De bons rendements annoncés dans la région
Mustapha Yagoub, du centre de travaux d’Azemmour, explique, en effet, que la campagne actuelle a connu dans la région une pluviométrie de 464 mm sur une durée de 70 jours. L’année dernière, les précipitations avaient à peine atteint 214 mm étalés sur 29 jours seulement. D’où l’herbe qui a recommencé à pousser dans les champs.

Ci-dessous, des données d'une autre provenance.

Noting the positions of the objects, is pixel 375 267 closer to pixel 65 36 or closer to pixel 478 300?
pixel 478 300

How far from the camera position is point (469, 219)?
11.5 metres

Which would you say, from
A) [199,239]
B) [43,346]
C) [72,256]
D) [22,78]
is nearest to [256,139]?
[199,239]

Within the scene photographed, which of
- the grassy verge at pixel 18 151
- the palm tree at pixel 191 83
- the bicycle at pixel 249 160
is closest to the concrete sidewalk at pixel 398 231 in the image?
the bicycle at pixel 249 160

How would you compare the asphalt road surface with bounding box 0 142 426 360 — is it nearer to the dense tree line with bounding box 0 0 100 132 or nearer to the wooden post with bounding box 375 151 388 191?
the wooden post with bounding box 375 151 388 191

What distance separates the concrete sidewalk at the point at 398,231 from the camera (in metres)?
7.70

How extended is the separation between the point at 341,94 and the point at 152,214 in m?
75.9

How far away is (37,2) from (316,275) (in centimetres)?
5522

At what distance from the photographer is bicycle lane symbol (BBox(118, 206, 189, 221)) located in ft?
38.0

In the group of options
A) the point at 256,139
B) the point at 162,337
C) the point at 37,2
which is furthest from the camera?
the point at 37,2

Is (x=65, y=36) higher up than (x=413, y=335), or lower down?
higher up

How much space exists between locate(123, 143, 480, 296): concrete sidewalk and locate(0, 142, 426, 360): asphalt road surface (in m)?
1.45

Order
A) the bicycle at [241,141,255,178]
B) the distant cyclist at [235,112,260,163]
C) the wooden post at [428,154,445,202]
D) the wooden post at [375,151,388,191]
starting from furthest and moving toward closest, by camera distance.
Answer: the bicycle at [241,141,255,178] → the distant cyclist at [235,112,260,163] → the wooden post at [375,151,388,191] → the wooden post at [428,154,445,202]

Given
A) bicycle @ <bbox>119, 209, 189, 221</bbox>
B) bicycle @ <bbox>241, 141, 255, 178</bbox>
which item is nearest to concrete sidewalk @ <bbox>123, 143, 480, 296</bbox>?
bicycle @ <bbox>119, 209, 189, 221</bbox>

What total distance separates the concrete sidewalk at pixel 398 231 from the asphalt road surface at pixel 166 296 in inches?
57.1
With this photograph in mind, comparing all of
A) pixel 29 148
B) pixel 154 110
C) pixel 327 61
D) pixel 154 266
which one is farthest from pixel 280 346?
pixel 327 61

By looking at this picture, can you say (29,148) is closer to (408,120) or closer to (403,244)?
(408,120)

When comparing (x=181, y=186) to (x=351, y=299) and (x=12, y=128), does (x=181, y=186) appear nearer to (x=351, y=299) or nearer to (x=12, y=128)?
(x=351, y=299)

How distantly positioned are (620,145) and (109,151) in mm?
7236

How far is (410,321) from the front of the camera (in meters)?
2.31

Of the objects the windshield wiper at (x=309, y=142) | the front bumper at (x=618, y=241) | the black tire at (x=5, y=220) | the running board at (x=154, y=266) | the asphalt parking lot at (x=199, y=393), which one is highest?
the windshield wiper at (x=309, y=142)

Vendredi 22 mai, la moissonneuse était en pleine action sur les 5 hectares de blé tendre de Hamid Chatbi, un agriculteur de la commune de Laghdira, à une dizaine de kilomètres de Bir Jdid.
Il a aussi planté 8 hectares d’orge et 4 autres hectares, moitié en blé dur et moitié en maïs. Il explique que, pour cette année, le rendement pour le blé est de l’ordre de 24 q/ha, autour de 20 q pour le blé dur et 30 q pour l’orge. Ce qui fait que, globalement, l’année est assez bonne pour lui. En bon agriculteur, il a pris la peine, tout de même, de diversifier ses activités pour éviter de grosses pertes. Il élève ainsi une trentaine de bovins et une vingtaine d’ovins.

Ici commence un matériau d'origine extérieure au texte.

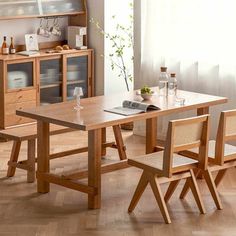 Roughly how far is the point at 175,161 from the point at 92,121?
71 centimetres

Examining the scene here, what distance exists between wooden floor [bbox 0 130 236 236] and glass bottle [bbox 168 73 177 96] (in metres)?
0.81

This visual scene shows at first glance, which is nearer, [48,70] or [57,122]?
[57,122]

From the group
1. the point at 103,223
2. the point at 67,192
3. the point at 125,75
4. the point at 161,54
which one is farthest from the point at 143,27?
the point at 103,223

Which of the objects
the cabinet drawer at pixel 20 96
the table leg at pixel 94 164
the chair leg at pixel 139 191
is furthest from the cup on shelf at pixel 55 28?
the chair leg at pixel 139 191

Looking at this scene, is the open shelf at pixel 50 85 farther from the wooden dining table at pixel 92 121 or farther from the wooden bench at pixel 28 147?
the wooden dining table at pixel 92 121

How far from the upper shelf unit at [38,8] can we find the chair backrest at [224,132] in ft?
10.9

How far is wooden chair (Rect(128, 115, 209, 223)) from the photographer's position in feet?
19.0

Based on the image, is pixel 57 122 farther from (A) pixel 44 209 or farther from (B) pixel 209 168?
(B) pixel 209 168

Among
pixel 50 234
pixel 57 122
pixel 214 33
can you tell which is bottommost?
pixel 50 234

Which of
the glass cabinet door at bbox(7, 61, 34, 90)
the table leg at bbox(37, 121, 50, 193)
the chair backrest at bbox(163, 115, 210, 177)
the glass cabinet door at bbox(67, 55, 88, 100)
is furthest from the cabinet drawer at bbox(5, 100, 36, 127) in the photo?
the chair backrest at bbox(163, 115, 210, 177)

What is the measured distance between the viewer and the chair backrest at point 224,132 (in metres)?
6.12

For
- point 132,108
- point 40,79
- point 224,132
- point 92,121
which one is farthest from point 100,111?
point 40,79

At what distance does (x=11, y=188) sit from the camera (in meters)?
6.75

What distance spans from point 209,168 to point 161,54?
2.35 metres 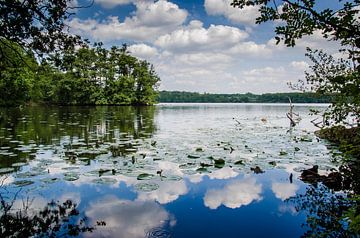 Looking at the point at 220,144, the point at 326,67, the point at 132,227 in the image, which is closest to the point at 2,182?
the point at 132,227

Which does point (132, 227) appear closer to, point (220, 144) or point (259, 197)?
point (259, 197)

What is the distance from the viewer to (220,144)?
48.3 ft

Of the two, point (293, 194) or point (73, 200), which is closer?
point (73, 200)

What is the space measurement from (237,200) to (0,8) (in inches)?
245

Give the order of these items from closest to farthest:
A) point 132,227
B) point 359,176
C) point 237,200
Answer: point 132,227, point 359,176, point 237,200

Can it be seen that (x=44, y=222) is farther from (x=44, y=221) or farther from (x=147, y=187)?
(x=147, y=187)

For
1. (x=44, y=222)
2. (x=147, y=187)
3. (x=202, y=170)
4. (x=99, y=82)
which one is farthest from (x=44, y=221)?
(x=99, y=82)

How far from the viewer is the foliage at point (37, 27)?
16.4ft

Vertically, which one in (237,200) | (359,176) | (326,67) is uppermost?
(326,67)

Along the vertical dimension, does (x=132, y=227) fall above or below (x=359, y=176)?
below

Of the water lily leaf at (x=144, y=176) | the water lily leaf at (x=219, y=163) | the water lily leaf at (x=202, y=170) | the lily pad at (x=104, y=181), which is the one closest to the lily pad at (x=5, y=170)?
the lily pad at (x=104, y=181)

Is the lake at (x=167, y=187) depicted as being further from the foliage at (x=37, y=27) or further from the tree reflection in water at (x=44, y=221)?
the foliage at (x=37, y=27)

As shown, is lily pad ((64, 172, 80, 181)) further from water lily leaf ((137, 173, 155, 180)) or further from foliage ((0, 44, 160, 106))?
foliage ((0, 44, 160, 106))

Le prix de l’hectare de terrain est multiplié par dix
A Douar Loutta, on retrouve un autre agriculteur, Mohamed Akhrif. Lui aussi est en train de moissonner. Mais, superstitieux comme bon nombre d’agriculteurs, il ne veut pas communiquer le nombre d’hectares qu’il a exploités car, dit-il, «si je devais compter, je quitterais le domaine de l’agriculture». Il explique que l’actuelle campagne s’annonce bonne dans l’ensemble. Il fait cependant remarquer deux choses : la première est que le rendement en bour l’année passée était à peine de 8 à 10 quintaux/ha. Et la deuxième est qu’en ce moment, le quintal est commercialisé à 220 DH, selon certains producteurs, contre le prix garanti par l’Etat qui est de 270 DH.

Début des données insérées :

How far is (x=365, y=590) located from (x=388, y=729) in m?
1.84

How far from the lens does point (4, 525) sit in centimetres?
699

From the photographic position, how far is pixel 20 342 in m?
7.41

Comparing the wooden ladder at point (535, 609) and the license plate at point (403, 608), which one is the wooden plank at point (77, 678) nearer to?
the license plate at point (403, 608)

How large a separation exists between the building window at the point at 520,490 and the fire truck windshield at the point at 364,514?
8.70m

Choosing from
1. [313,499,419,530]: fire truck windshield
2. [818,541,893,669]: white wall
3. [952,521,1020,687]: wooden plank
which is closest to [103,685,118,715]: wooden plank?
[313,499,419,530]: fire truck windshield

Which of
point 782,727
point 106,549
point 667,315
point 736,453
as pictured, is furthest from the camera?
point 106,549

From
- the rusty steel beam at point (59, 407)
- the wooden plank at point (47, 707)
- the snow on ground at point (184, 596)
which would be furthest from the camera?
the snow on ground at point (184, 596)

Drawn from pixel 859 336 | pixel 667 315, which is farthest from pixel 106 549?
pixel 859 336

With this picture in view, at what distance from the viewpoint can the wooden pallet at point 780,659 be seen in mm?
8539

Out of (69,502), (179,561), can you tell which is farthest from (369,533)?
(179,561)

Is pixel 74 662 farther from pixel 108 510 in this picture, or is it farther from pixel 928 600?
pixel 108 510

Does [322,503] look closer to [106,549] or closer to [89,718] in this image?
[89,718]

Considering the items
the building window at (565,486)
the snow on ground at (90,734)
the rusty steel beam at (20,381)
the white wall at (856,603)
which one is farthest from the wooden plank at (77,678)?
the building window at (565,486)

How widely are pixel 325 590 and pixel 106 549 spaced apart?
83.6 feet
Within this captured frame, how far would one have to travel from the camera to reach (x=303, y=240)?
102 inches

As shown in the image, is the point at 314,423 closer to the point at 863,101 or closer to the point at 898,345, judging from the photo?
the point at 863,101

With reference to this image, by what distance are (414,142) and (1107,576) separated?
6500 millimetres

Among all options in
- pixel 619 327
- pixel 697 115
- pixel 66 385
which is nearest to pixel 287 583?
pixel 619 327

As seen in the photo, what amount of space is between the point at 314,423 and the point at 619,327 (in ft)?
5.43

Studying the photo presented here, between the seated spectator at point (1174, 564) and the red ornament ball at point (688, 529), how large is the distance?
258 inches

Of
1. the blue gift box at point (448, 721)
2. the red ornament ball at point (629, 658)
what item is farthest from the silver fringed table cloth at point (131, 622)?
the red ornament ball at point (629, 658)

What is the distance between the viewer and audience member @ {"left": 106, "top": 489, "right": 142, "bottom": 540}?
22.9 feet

Beaucoup d’exploitants qui ont un besoin urgent de trésorerie vendent à ce prix car ils ne peuvent pas attendre que les mécanismes de régulation de prix prévus par l’administration se mettent en place. En effet, la compagnie marocaine agricole de Doukkala accréditée par l’Etat pour emmagasiner le blé au prix de référence ne peut commencer qu’en juin, vu que la moisson n’en est qu’à ses débuts. A quelques encablures de la propriété de Mohamed Akhrif, sur son exploitation d’une dizaine d’hectares, Mohamed Nekraoui a choisi de cultiver du blé tendre, du maïs et un peu de «slaoui». Mais tout comme pour les pommes de terre que Mohamed Akhrif cultive en irrigué, la période n’est pas à la récolte. Le sujet du moment est la céréaliculture. Nekraoui est membre de la coopérative agricole Al Massira. Cependant, dit-il, en réalité chaque agriculteur n’en fait qu’à sa tête et selon ses moyens. Mustapha Yagoub confirme : «Sur un rayon de vingt kilomètres d’ici, il y a bien 14 coopératives, mais leur existence est fictive car elles n’ont pas constitué de centrale d’achat ni mutualisé des services alors qu’elles y seraient dans leur rôle et pourraient même se constituer en fédération. Dans le même temps, le terrain commence à être valorisé de manière à faire craindre pour l’agriculture dans la région».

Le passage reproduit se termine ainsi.